# Mapmaking Discussion & Philosophy (WIP/Critique) > Town/City Mapping >  WIP - City

## iguy

Hello,

WIP city that i am starting using Gimp, this is my second map and i am getting a little frustrated, i have the general shape i want with the roads and houses placed where i want it. i am trying to add some colour and textures to make it look like an actual map of a city with some flair. 

basically the long and short of this is the town is primarily a factory town focused in textiles with some exports of foods. the poor/working class are closer to the factories and the better off are spread out further away, with the factory owners and land owners being the wealthiest and with the largest houses and land.

towards the bottom are the fields for the sheep with farming fields growing mostly root veggies and such close by. i am trying to make the colours really pop and really incorporate into the map a sense of realism

i am having a very hard time trying to get the colours to look ok and not an eye sore.

if anyone has any ideas or points i would love to hear them. thank you very much

----------


## johnnycman

Some points to work on for your work in progress.  
First Point:  You have drawn a closed road system, no roads in to get raw materials for your factories, way out to export the products of your factories.  I can't distinguish main roads from secondary roads and city streets.  
Second point:  You have no source of water, no rivers or lakes.
Third point: Are your residential areas population densities rather than individual structures?

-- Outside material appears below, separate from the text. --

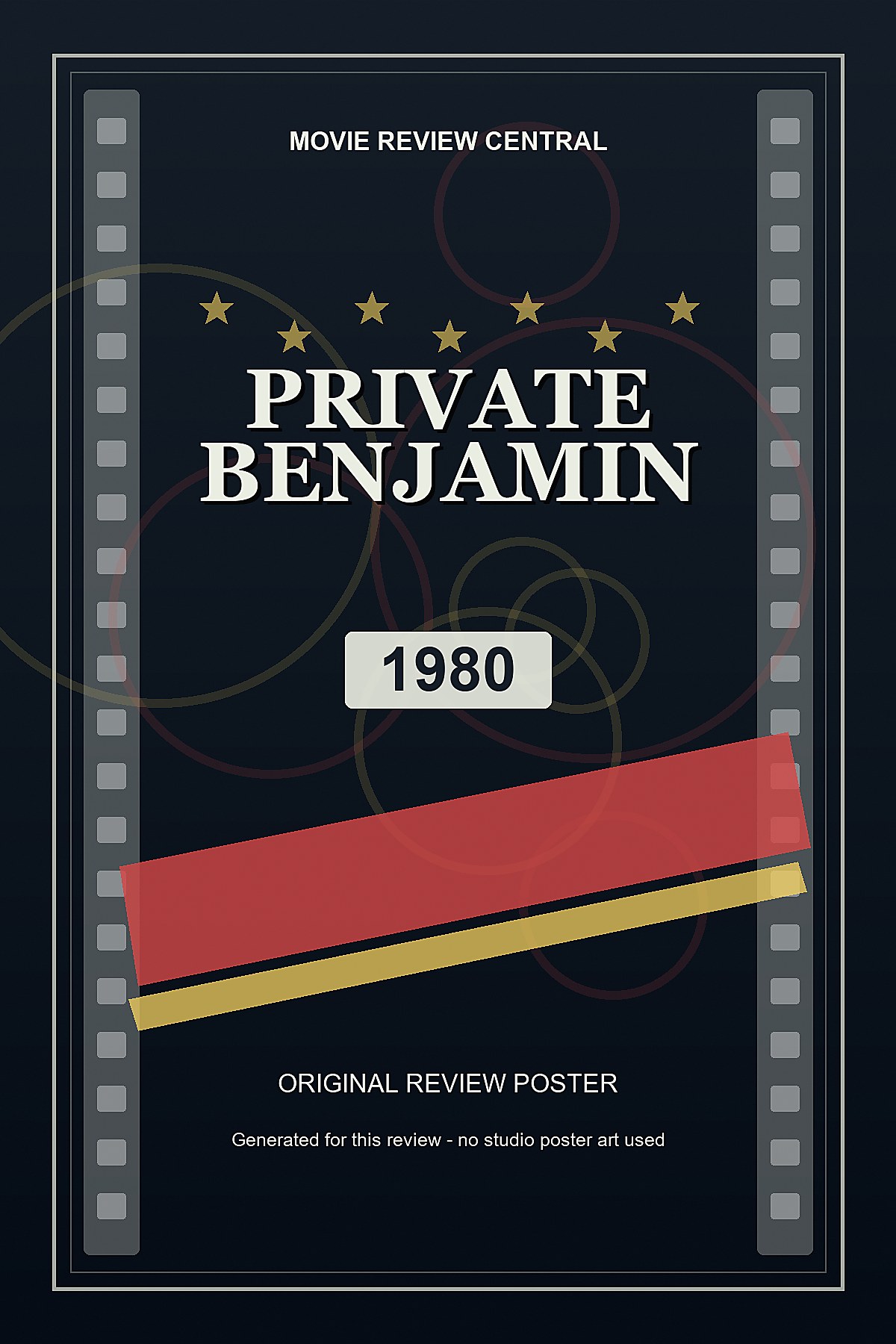 Private Benjamin (1980) - original review poster Private Benjamin (1980) - original review poster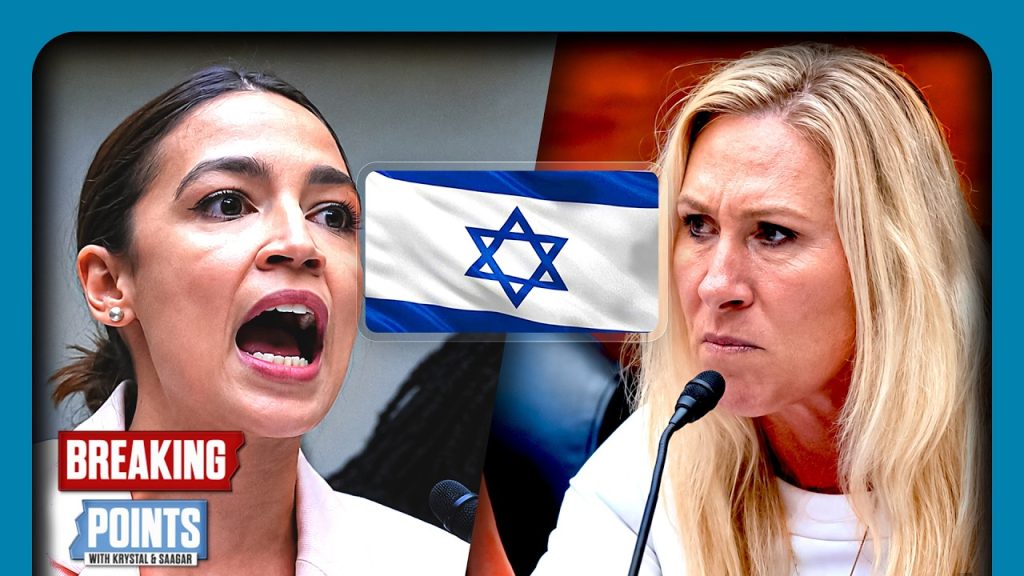 AOC and MTG Go To War Over Israel AOC and MTG Go To War Over Israel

In reality most individual structures have direct access to a roadway and are not surrounded and cut off by other properties.  
Fourth point:  What do the people do?  Are there shops, schools, taverns, inns, churches?
Fifth point: You don't really need color.  You can indicate different types of land by using dashed, dotted or solid lines.  
Sixth point:  Once you start labeling things with the text tool, it will be more map-like.
Seventh point:  There are dedicated software packages with far better tools for drawing maps than gimp.  Some of them are even free.  Just google fantasy map software.

----------